_Assignment:_
Below is a listing. Set down exactly the lines from the one containing "0.79 Carat Baguette" through the one containing "半袖Tシャツ ウエストのくびれスパークリング英文レタリング半袖Tシャツセミクロップラウンド捺染半袖Tシャツ BLACK", both ends included, and leave out the rest.

[[ Exercise data open ]]

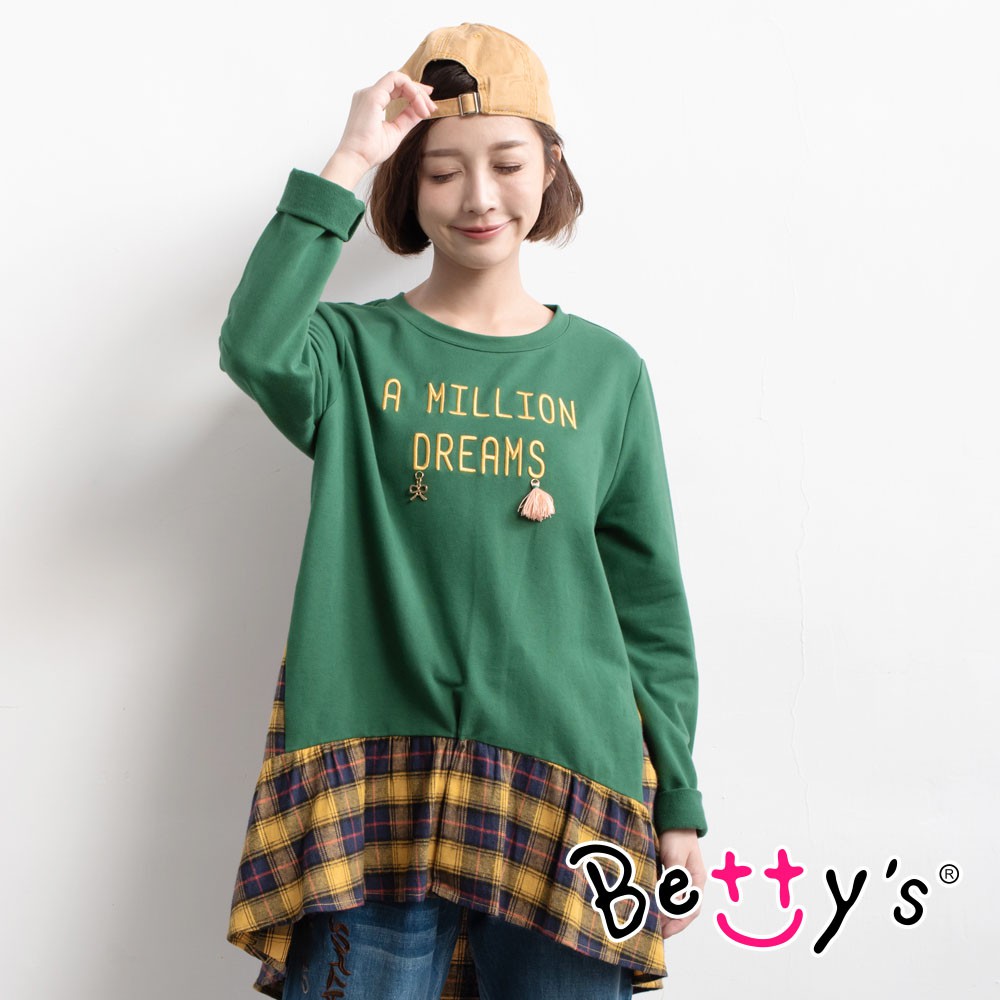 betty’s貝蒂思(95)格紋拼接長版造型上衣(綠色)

[[ Exercise data closed ]]
[[ Exercise data open ]]

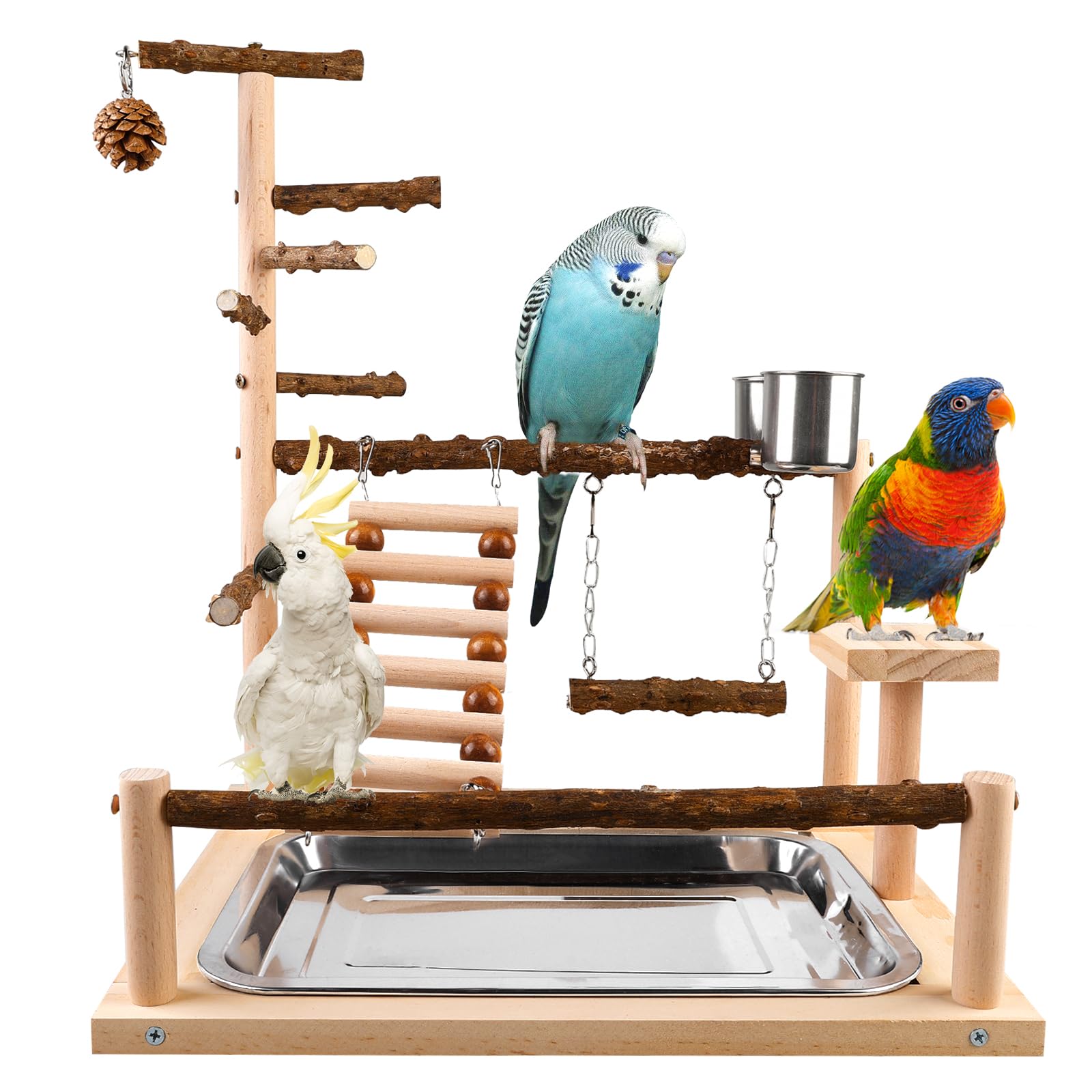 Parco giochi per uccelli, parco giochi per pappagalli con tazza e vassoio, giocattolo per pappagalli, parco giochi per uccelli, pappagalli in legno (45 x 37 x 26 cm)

[[ Exercise data closed ]]
[[ Exercise data open ]]

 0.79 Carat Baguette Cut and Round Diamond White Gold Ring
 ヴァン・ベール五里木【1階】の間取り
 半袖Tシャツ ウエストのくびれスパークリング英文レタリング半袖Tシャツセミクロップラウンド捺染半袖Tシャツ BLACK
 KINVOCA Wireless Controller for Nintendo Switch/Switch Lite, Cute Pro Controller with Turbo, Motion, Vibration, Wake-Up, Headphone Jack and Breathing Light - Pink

[[ Exercise data closed ]]

_Written solution:_
 0.79 Carat Baguette Cut and Round Diamond White Gold Ring
 ヴァン・ベール五里木【1階】の間取り
 半袖Tシャツ ウエストのくびれスパークリング英文レタリング半袖Tシャツセミクロップラウンド捺染半袖Tシャツ BLACK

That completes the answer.